An All-Party Parliamentary Group (APPG) has urged the Government to reform the inheritance tax (IHT) system.
Under the proposals, the current 40 per cent tax rate would be reduced to 10 per cent, with estates with a value of £2 million or more being taxed at a rate of 20 per cent.
The group has also recommended that the seven-year rule is scrapped and replaced with a system in which all transfer of wealth is taxed at 10 per cent, whether that is in life or after death.
As a replacement for the seven-year rule, the group has proposed the introduction of a £30,000 annual allowance, with gifts and transfers over this amount incurring a 10 per cent IHT charge.
The IHT system has come under increasing scrutiny, with the chancellor Sajid Javid stating that reform was a possibility: “Sensible changes have already been made but it’s something that’s on my mind.”
IHT is currently liable at 40 per cent on estates with a value in excess of £325,000, which is known as the residence nil-rate band (RNRB). With house prices rising significantly in the past 15 years and the RNRB being frozen since 2009, more than 1.4 million people over the age of 60 now have an estate that is valued either near to or over the current £325,000 threshold.

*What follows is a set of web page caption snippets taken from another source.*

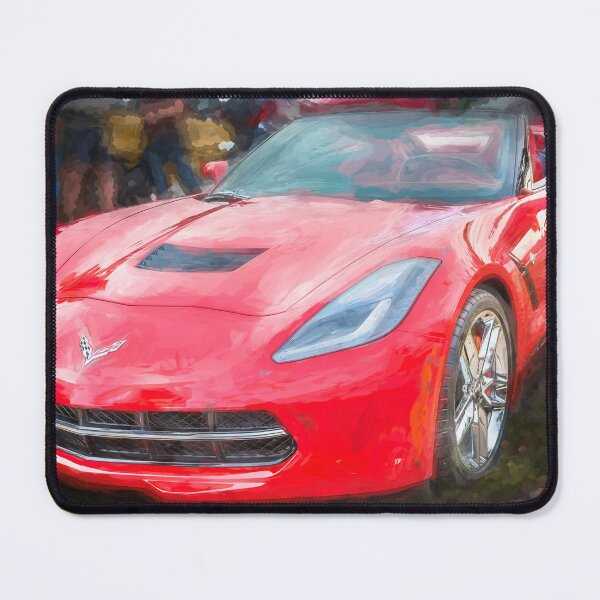 Item preview, 2014 Red Vette C7 X103 designed and sold by RichFrancoCars.
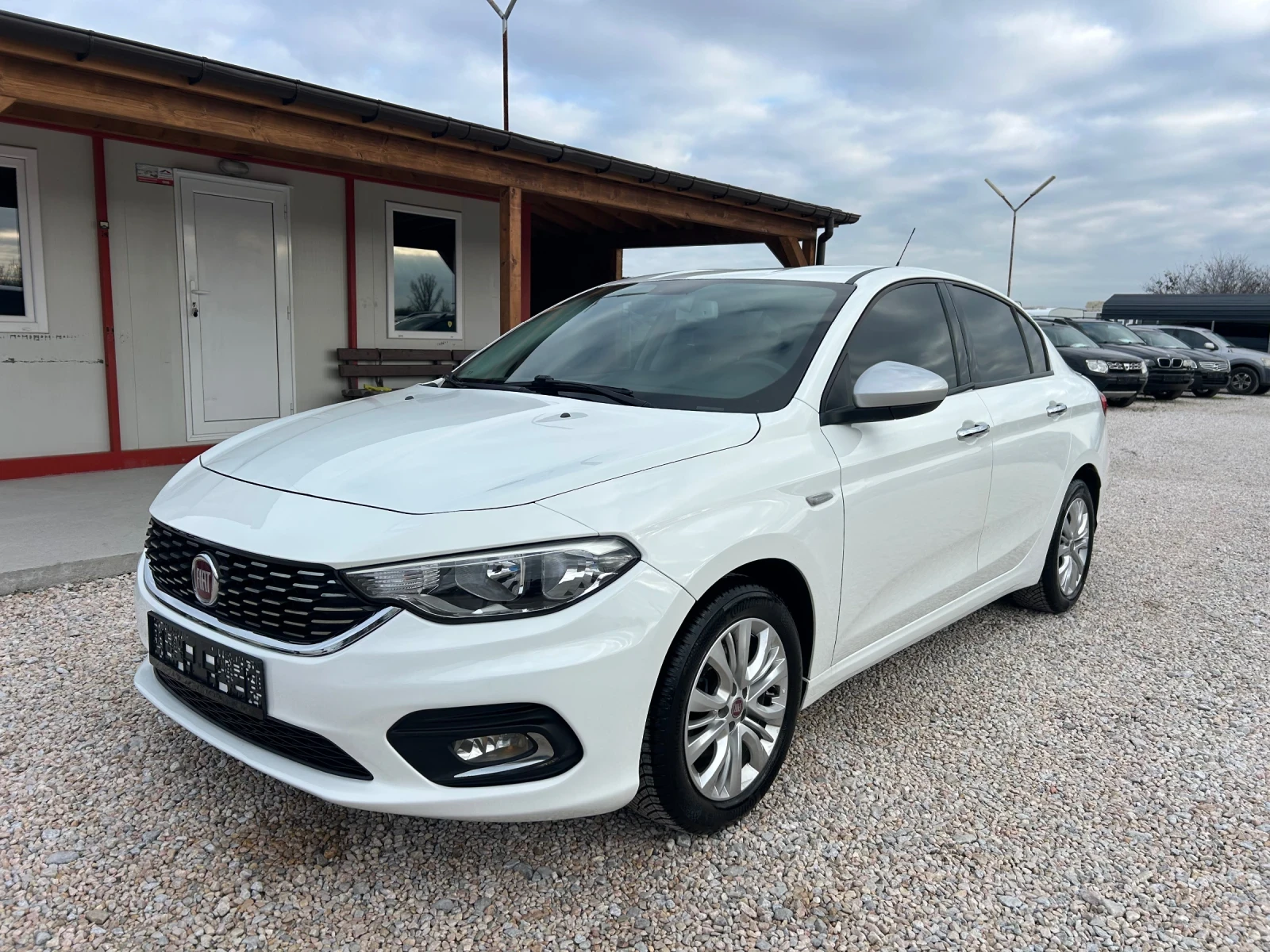 Fiat Tipo * 1.4i* 95�.�* ���*  | Mobile.bg � ����������� 1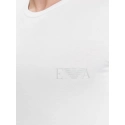 Pánské tričko 2Pack 111670 4R715 bílé/tm. modré - Emporio Armani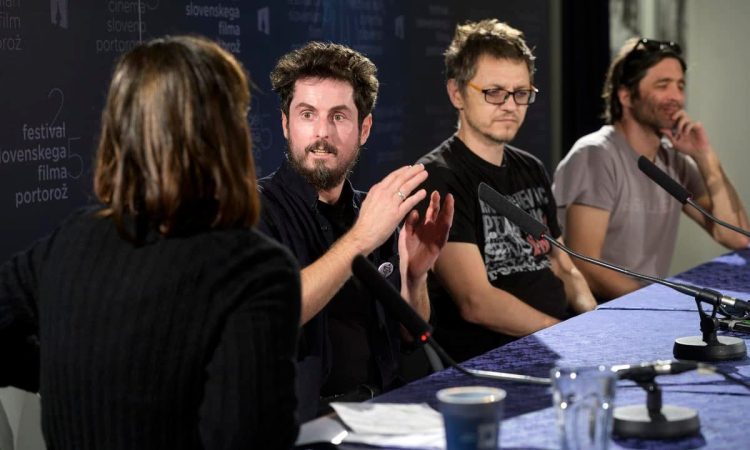 Odprtje Festivala slovenskega filma s podelitvijo Badjurove nagrade Radu Likonu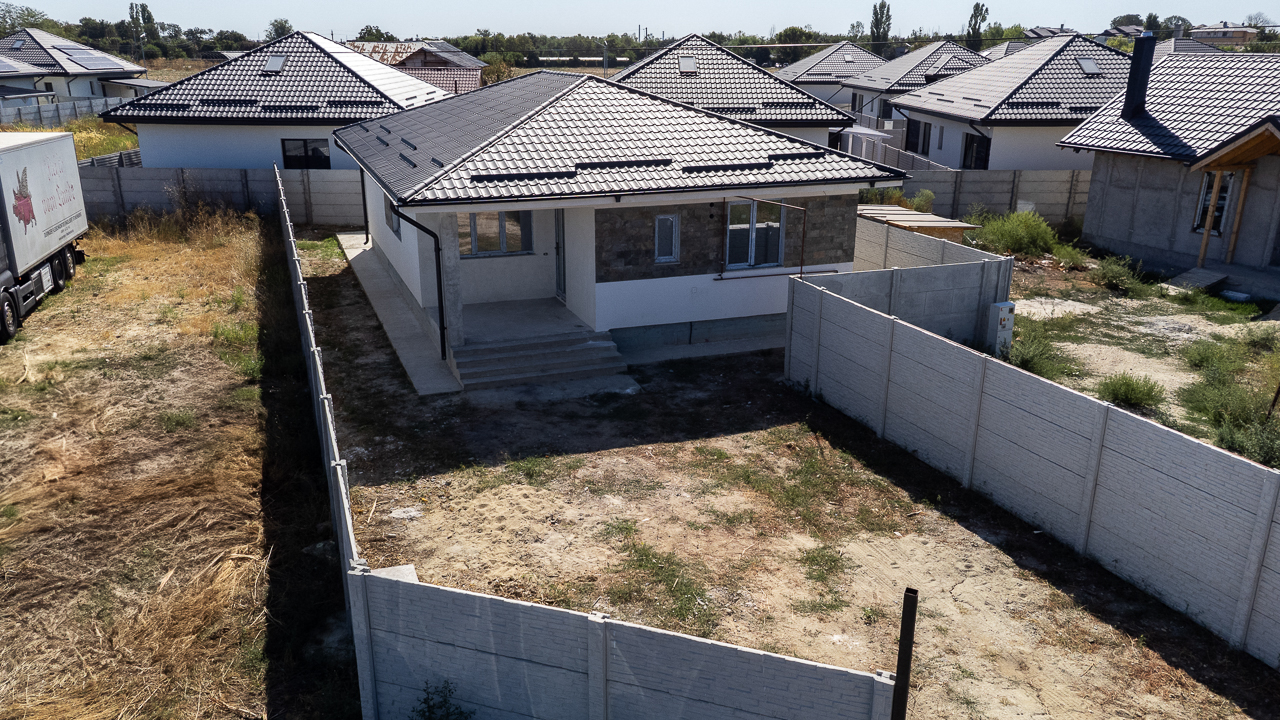 PANTELIMON,CASA ,4 CAMERE,115 MP,TEREN 375 M,INCALZIRE PARDOSEALA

The APPG has stated that the system needs reforming in order to ensure that families are not left with excessive IHT bills after the death of a loved one.

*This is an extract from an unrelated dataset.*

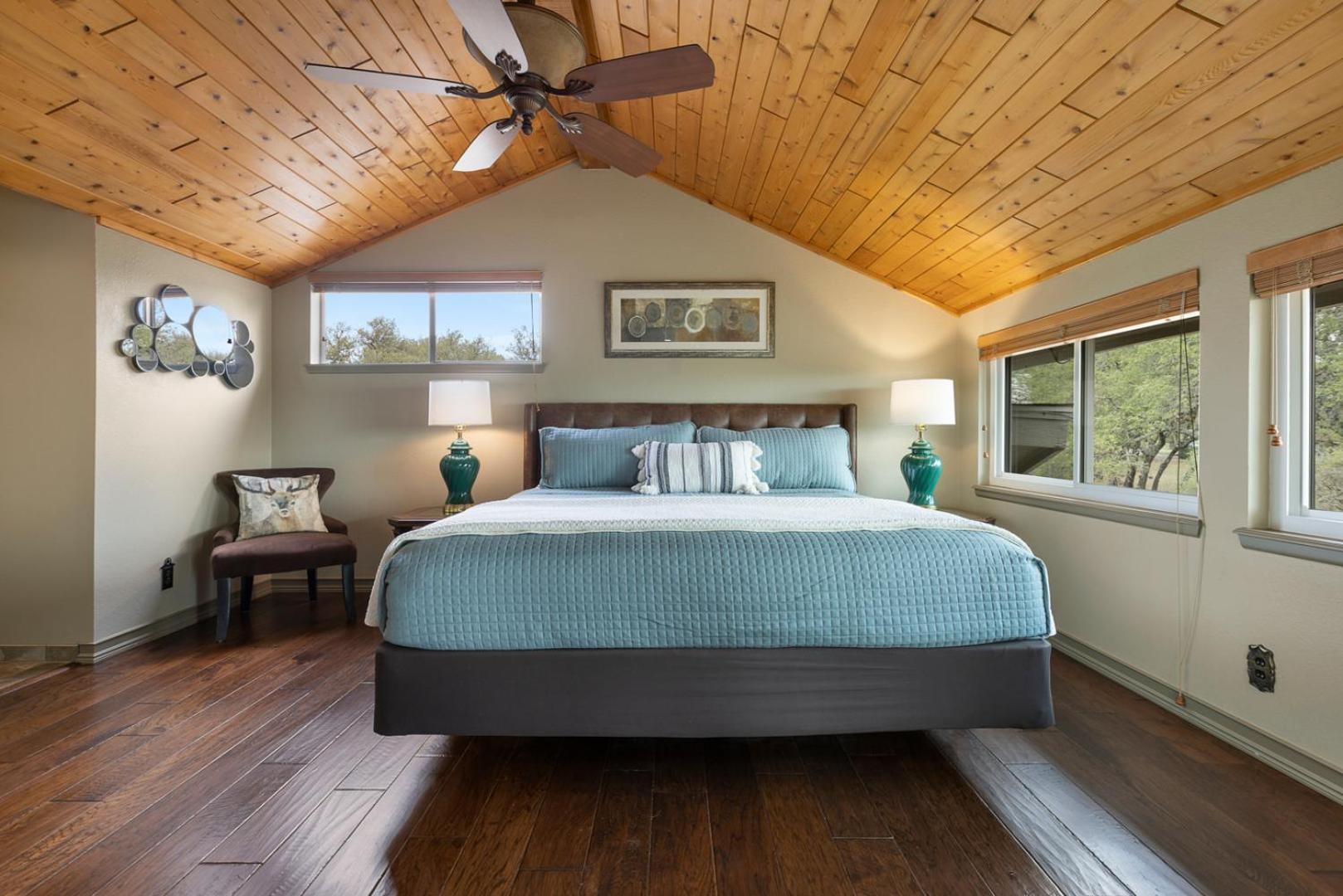 Wine Country Retreat - With A Lake View! Spicewood Εξωτερικό φωτογραφία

Priti Shah, Tax Partner in the Private Client department at OGR Stock Denton, said: “The Office of Tax Simplification also produced a report entitled ‘The Inheritance Tax Review’ in July 2019 suggesting very different changes to those proposed by the APPG.
“Of course, any changes to inheritance tax need to be considered hand-in-hand with any changes to capital gains tax because of the close interaction between these two taxes.”